▸ **Exercise goal**: Apart from the pictures, every line below needs to be reproduced verbatim.

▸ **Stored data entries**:

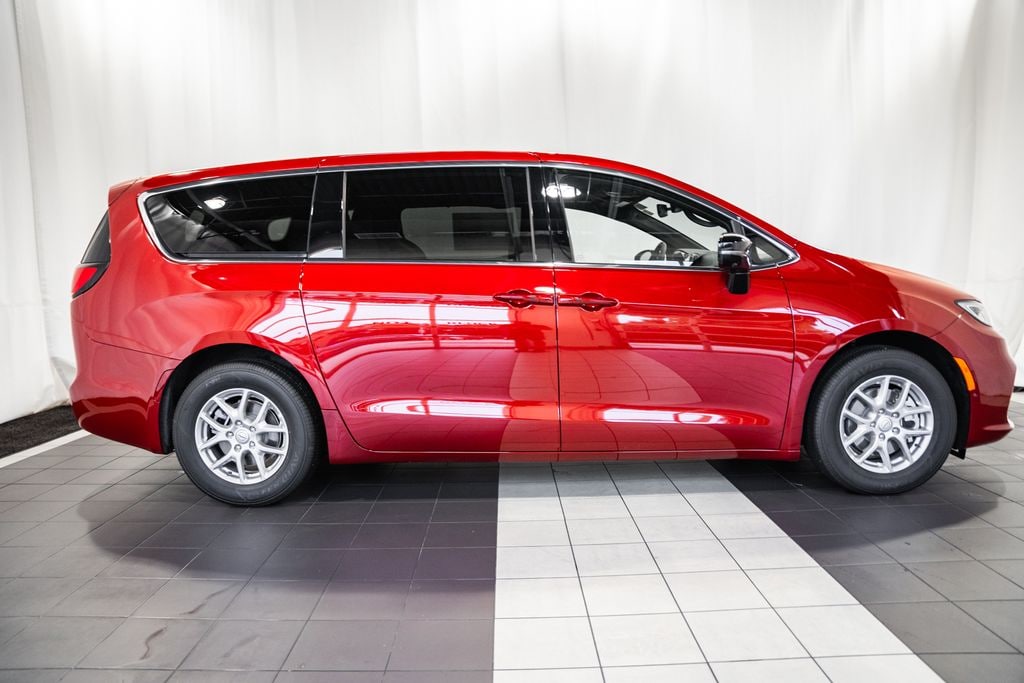 New 2026 Chrysler Pacifica Select Passenger Van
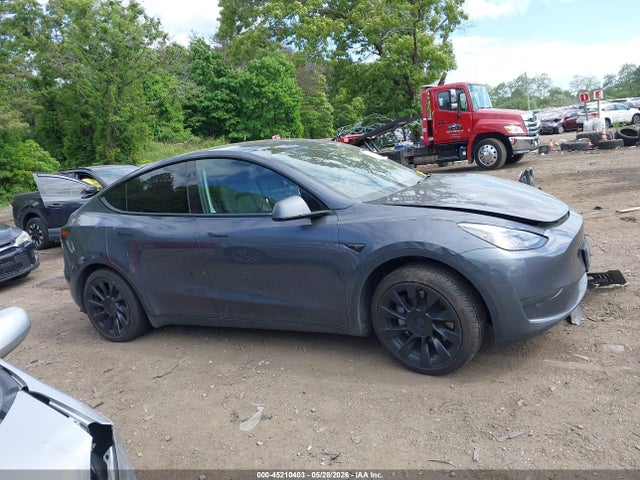 2023 Tesla Model Y Awd/long Range Dual Motor All-wheel Drive მანქანა იყიდება აუქციონზე, vin: 7SAYGAEE1PF835760, აუქციონის ნომერი: 45210403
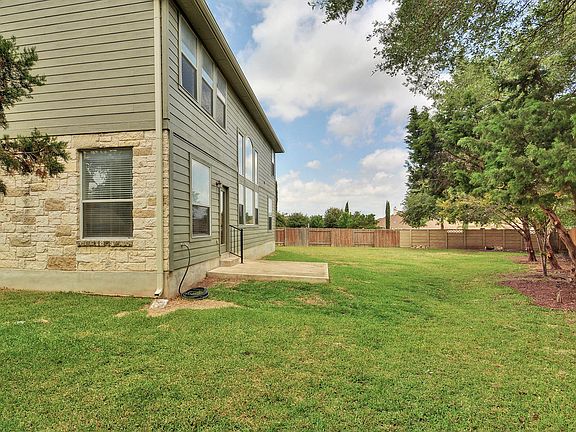 2nd image of 1530 Homewood Cir
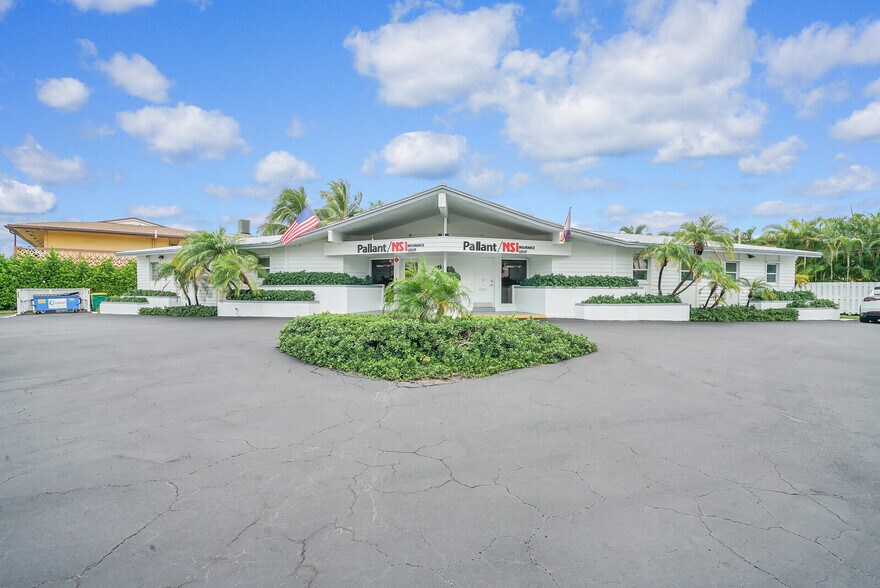 Primary Photo Of 1800 NE 26th St, Wilton Manors Medical For Lease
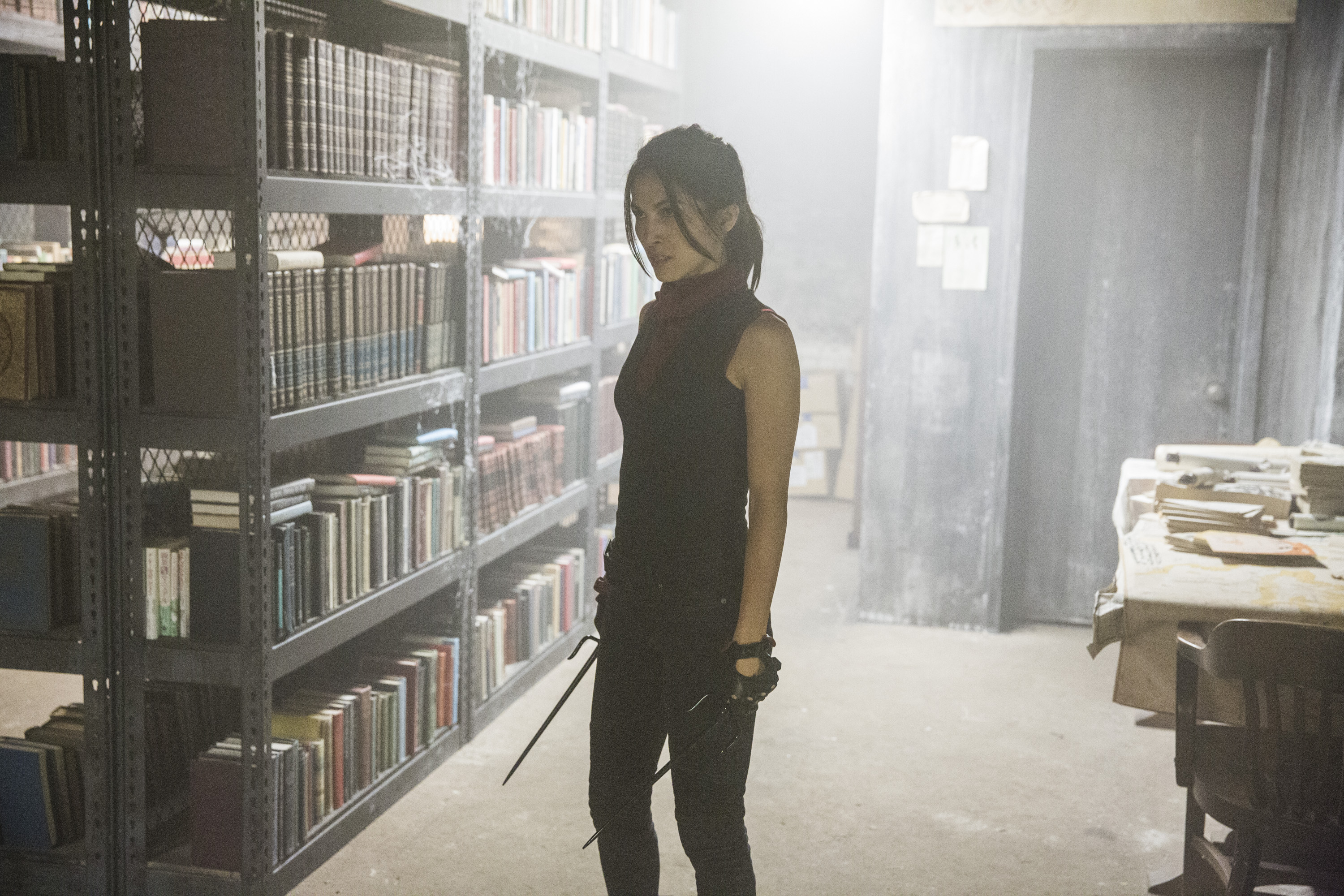 Elektra Rises From the Grave to Kick Ass on Marvel and Netflix&rsquo;s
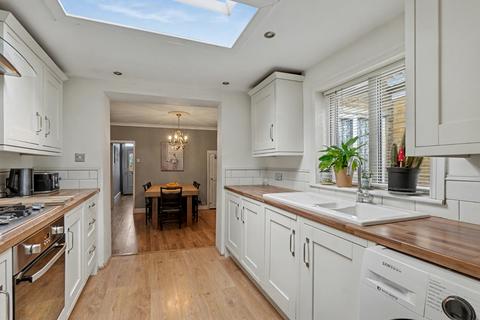 3 bedroom end of terrace house for sale, Ivy Street, Rainham,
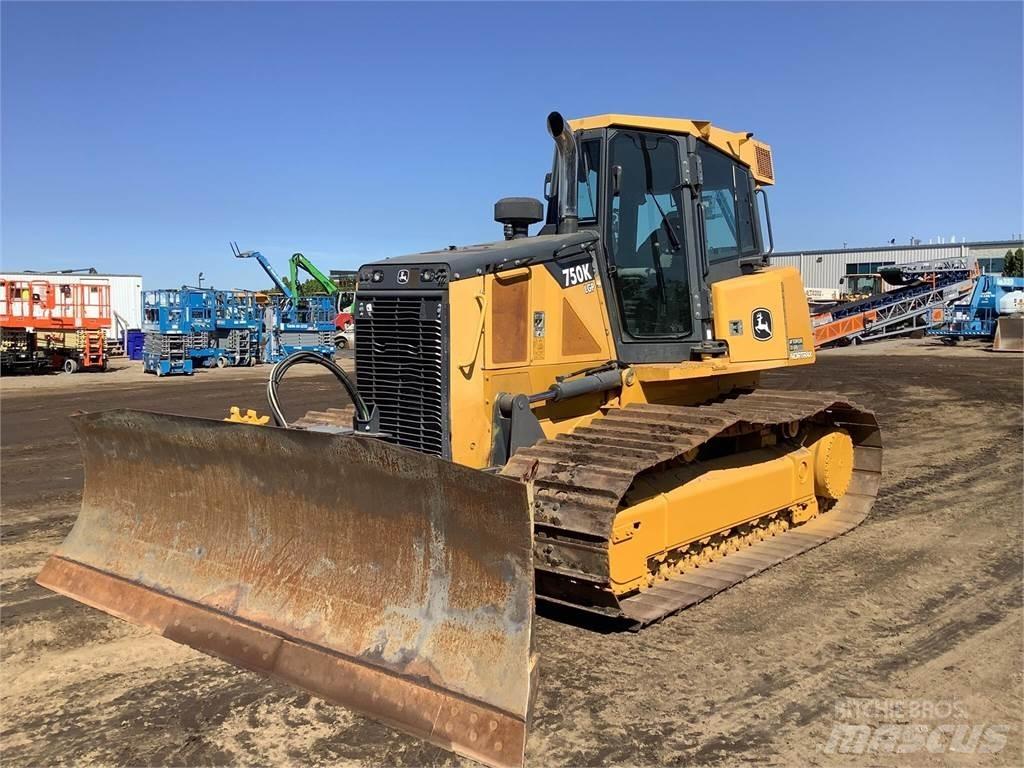 John Deere 750K LGP Telaketjupuskutraktorit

▸ **Result for this exercise**:
 New 2026 Chrysler Pacifica Select Passenger Van
 2023 Tesla Model Y Awd/long Range Dual Motor All-wheel Drive მანქანა იყიდება აუქციონზე, vin: 7SAYGAEE1PF835760, აუქციონის ნომერი: 45210403
 2nd image of 1530 Homewood Cir
 Primary Photo Of 1800 NE 26th St, Wilton Manors Medical For Lease
 Elektra Rises From the Grave to Kick Ass on Marvel and Netflix&rsquo;s
 3 bedroom end of terrace house for sale, Ivy Street, Rainham,
 John Deere 750K LGP Telaketjupuskutraktorit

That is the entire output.